While the NFL is not the same as European club soccer because the former has a hard salary cap, while the latter is a vestige of unrestrained capitalism (or at least it will be until UEFA's Financial Fair Play regulations kick in and actually turn out to be more than Manchester City's accountants can evade), the point about coaches translates well. Football coaching is probably best understood as being on a bell curve. There are a few Bill Belichicks on the right side of the curve, a few Rich Kotites on the left side, and then the vast majority of coaches in the middle.* Fighting over where our new coordinators fall might be an argument over nothing.
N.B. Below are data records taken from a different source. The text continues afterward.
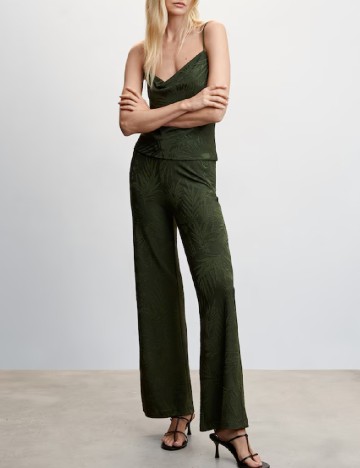 Pantaloni Mango, verde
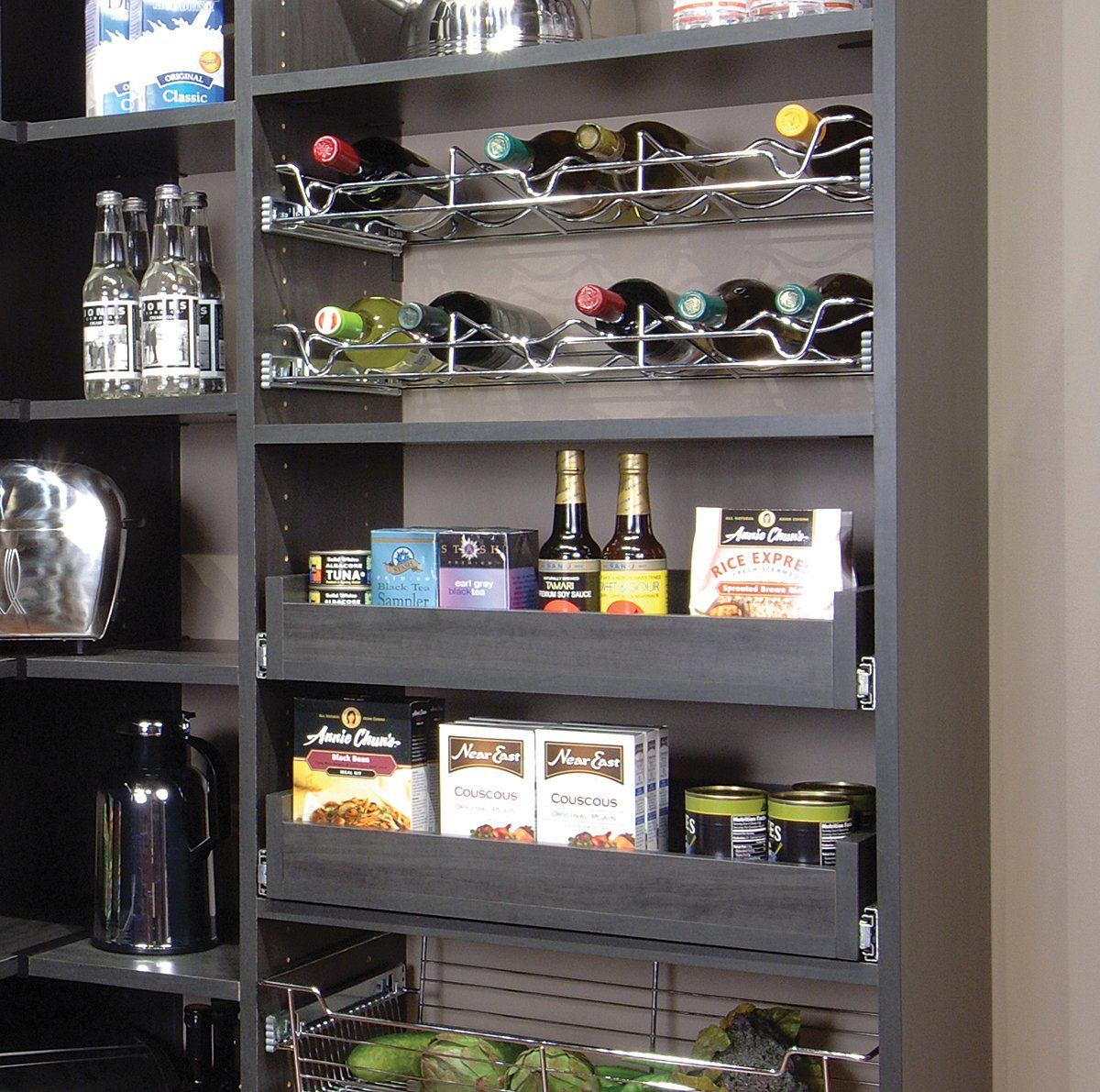 Pull Out Shelves — Straight Front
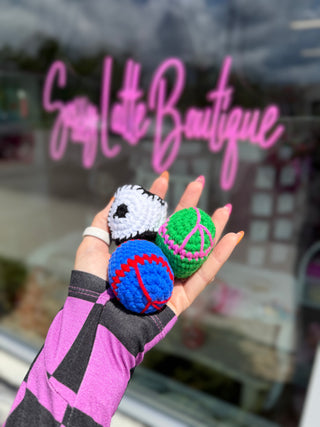 Handmade Crochet Hacky Sacks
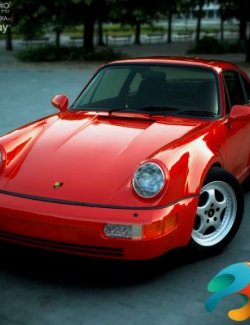 Porsche 911 Turbo 1993 for Daz Studio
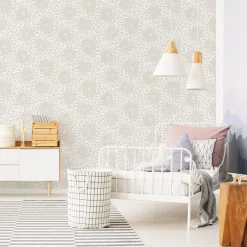Toss The Bouquet Peel & Stick Wallpaper - Beige
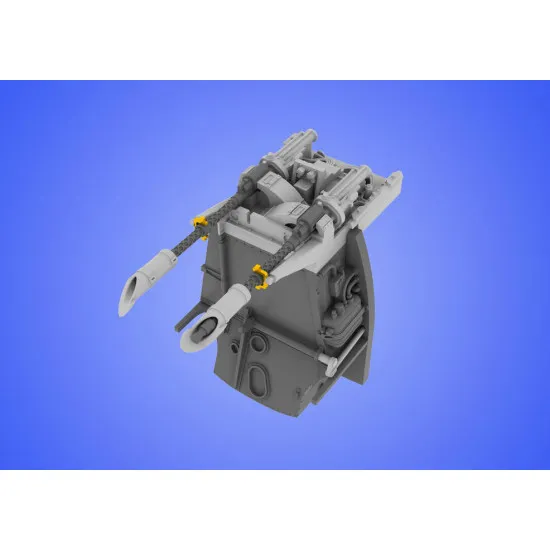 Brassin Bf 109E MG 17 mount, for Eduard kit 1/48 Eduard 648060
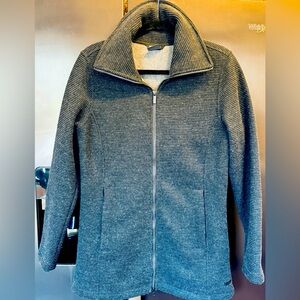 Women’s Dark Grey Fleeced Lined Jacket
* - Think about the shifting views of Les Miles as an example of "what do we really know about coaches?" When he started 34-6 at LSU with a national title in his first three seasons, he looked like one of the best coaches in the conference. When he went 17-9 over the next two years, he was on the hot seat because he apparently only won with Saban's players. When he was making ballsy decisions late in games in 2007, he was a cagey gambler. When he was butchering the clock at the end of the 2009 Ole Miss game, he was a buffoon. The last two years, he has gone 24-3 and threw off Saban's shadow with two wins over Alabama ... until January 9. Now, LSU fans are openly speculating that he completely lost his team in the lead-up to the national title game, whereas if Oklahoma State would have survived overtime in Ames, Miles probably has a second national title. So, in the end, what's the consensus on Miles as a good coach? And how long before that consensus moves 180 degrees?
Take Dirk Koetter as an example. What do we really know about him based on his resume? When he was at Boise State, he was instrumental in that program's emergence from I-AA to becoming a non-BCS conference power. He went 20-5 in his last two years there, which landed him the head coaching job at Arizona State. With the Sun Devils, he went 40-34. His offenses were all over the map, averaging 34, 32, 25, 30, 37, and 27 points per game from 2001 to 2006. He also had the misfortune of coaching when Pete Carroll's USC was at its absolute apex: 2001-06. What coach was going to succeed against Carroll in the first half of the Aughts, especially when that coach not only had to go up against Carroll on the field, but also had to vie for talent in Southern California against a recruiting dynamo? Taking his college record as a whole, did he forget how to coach when he moved from Idaho to Arizona? Or is there something about Boise State that allows its coaches to win and then those coaches cannot replicate that success elsewhere? (Dan Hawkins is currently nodding furiously.) A regression analysis of the Broncos' rise to prominence would not identify head coaches as a driving factor, but I digress.
Koetter then proceeded to Jacksonville, where his first offense was excellent - sixth in scoring and seventh in yards - and then his next three were mediocre before the bottom fell out this year with a rookie quarterback and receivers so bad that Dunta Robinson was moved to mock them. Was Koetter a good coach in 2007 and then had a lobotomy before the 2008 season? Or was he a lifeboat on the heavy seas that were David Garrard playing the season of his life in 2007 before a six-year, $60M contract destroyed his motivation?
So what do we really know about Koetter? If he were a great coach, then his offenses would have been consistently excellent and he probably would have stuck in Tempe. If he were a bad coach, then he would be selling insurance right now (although given the list of retreads that have been hired by college and pro teams this offseason, competence is apparently optional for a head coaching position).
All we know is that his style is somewhat different than that of Mularkey. Mularkey, coming from the Steelers school of offense, favors a power running game with passes flowing off of the run. That approach made sense in 2008 when the Falcons started a rookie quarterback and had Michael Turner at his apex. It did not make sense in 2011 and going forward with Matt Ryan as an upper-echelon quarterback, three above-average receiving targets, and Turner on the downward slope after three years of overuse. Based mainly on his experience in college, Koetter appears to favor a vertical passing game. That makes more sense with the current composition of the Falcons' roster.
In short, the Falcons probably didn't replace Mularkey with a better coach, but they probably did replace him with a better fit. In light of the fungibility of most coaches, that's all we can say.